EXERCISE BRIEF: Give back all the records exactly, keeping every line whole.

TASK MATERIAL:

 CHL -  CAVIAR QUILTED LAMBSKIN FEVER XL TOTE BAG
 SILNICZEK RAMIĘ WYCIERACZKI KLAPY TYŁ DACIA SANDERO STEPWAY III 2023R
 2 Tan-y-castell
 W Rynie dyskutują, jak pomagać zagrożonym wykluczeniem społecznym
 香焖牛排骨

TASK OUTPUT:
 CHL -  CAVIAR QUILTED LAMBSKIN FEVER XL TOTE BAG
 SILNICZEK RAMIĘ WYCIERACZKI KLAPY TYŁ DACIA SANDERO STEPWAY III 2023R
 2 Tan-y-castell
 W Rynie dyskutują, jak pomagać zagrożonym wykluczeniem społecznym
 香焖牛排骨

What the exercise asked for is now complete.